Economists have tried attributing this to various factors—such as increased volatility after summer economic slowdowns or mutual funds realizing losses at fiscal year-end—but no one can pinpoint the exact cause.
Whatever the reason, it’s happening again: As of Friday, September 6, the Nasdaq 100 Index has already fallen nearly 6% this month.

Average monthly gains for the Nasdaq 100 Index; Source: ChartoftheDay.com; data range from January 1985 to December 2023.
2. SEC enforcement season pressures crypto
The SEC operates on a fiscal year running from October through September. Historically, you see a surge in enforcement actions in September, as attorneys rush to meet annual targets. The SEC enforcement season is heating up now: this month alone, we've seen settlements between the SEC and crypto fund provider Galois Capital, along with a Wells notice sent to NFT platform OpenSea from Wells Fargo. Many anticipate even more lawsuits and settlements against crypto entities before month-end. I'm not surprised—I’ve heard rumors since early summer about larger enforcement actions coming, and we’ve long warned about the risks of the SEC enforcement cycle.
3. Reflexivity
The best explanation for the September effect may simply be reflexivity. People now expect September to be bad—and so it becomes bad. Markets often follow expectations.
In contrast, Bitcoin investors have historically loved October, affectionately known as “Uptober.” Bitcoin averages a 30% gain in October, likely fueling investor optimism. Historically, both October and November rank among the strongest months for cryptocurrencies.
Crypto Market Outlook
Like most people, I don’t fully understand the “September effect.” I’m unsure how much weight to give the above factors or what other unseen forces might be at play. But regardless, it is clearly affecting crypto market psychology right now.

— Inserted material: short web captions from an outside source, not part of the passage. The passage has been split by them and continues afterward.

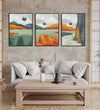 Handmade Painting for Home : abstract-landscapes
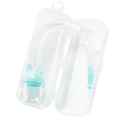 ASPIRATOR DO NOSA NA KATAREK NA KATAR DLA DZIECI MANUALNY + ETUI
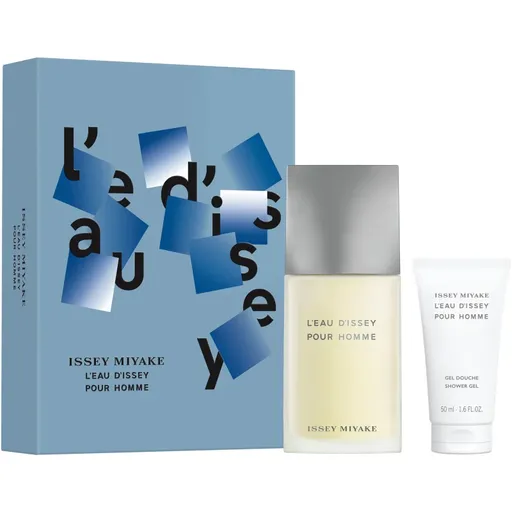 Issey Miyake L'Eau d'Issey Pour Homme set cadou pentru bărbați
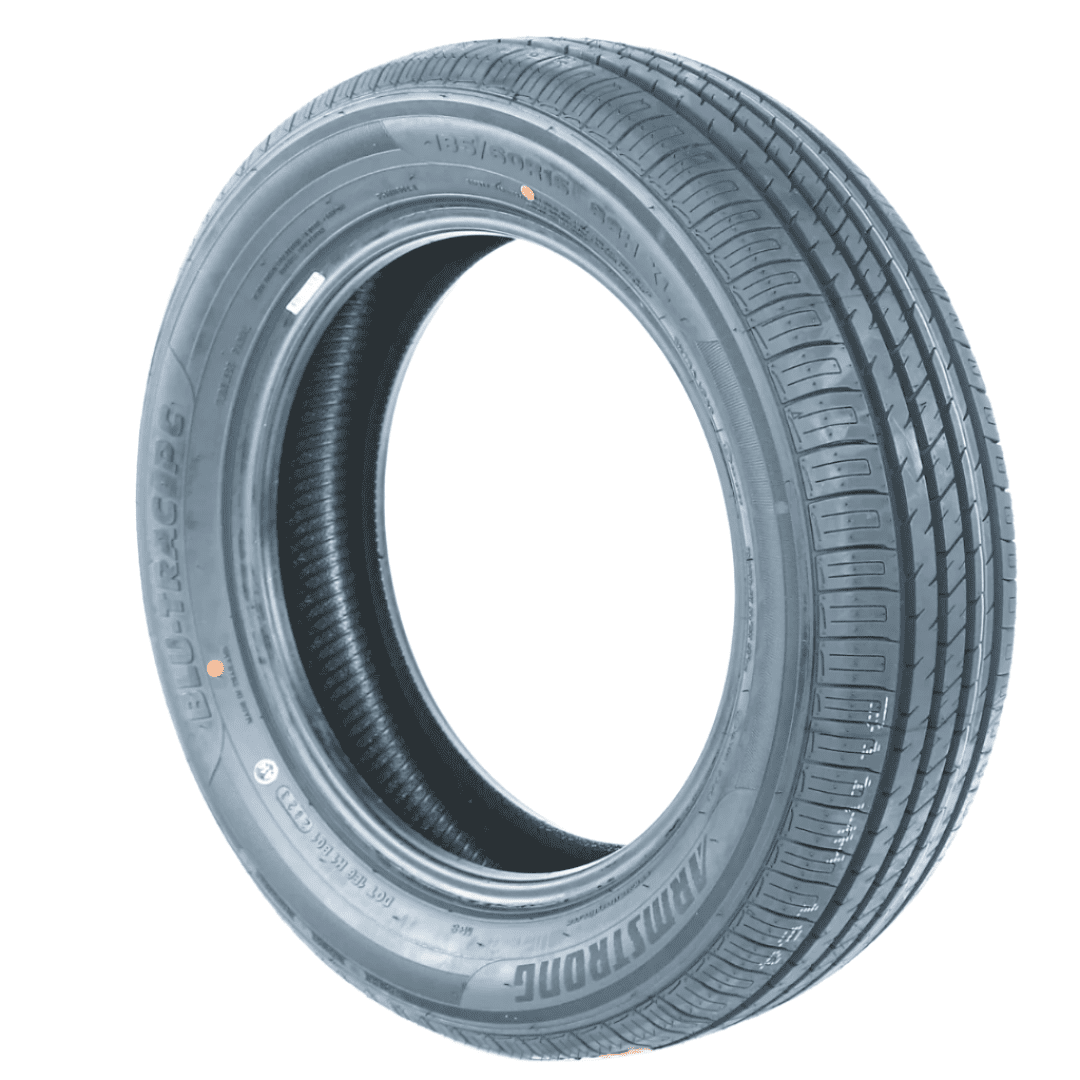 Armstrong Blu-Trac PC All Season Passenger Tire - 185/60R15 88H XL Auto SupplyMaster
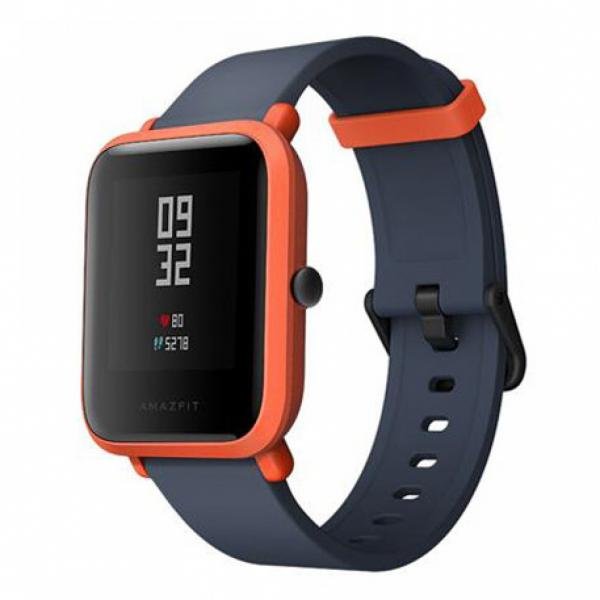 Smartwatch Xiaomi Amazfit Bip - Vermelho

What I do know is this: beyond seasonal patterns, the key is focusing on the current state of the market. With that lens, I’m beginning to make sense of why crypto is struggling this September.
Markets hate uncertainty—and right now, there’s plenty of it.
The U.S. presidential election will have major implications for crypto, and the outcome remains too close to call. In my view, markets won’t find solid footing until we have greater clarity on future leadership and policy.
Debate over the timing and magnitude of Federal Reserve rate cuts remains intense. While loose monetary policy is widely expected, investors are adjusting their bets: odds of a 50-basis-point cut in September have dropped, while expectations for over 125 basis points of cuts by December have risen.
ETF flows are mixed. Although inflows into Bitcoin and Ethereum ETFs have slowed (with U.S. Bitcoin ETFs just experiencing their longest net outflow period since launching in January), a closer look reveals that financial advisors are adopting Bitcoin ETFs faster than any new ETF in history.
My prediction is that as this uncertainty begins to clear in October and November, we’ll see a strong rebound in crypto. That aligns with historical trends—it might be coincidence, or it might not. Either way, be prepared.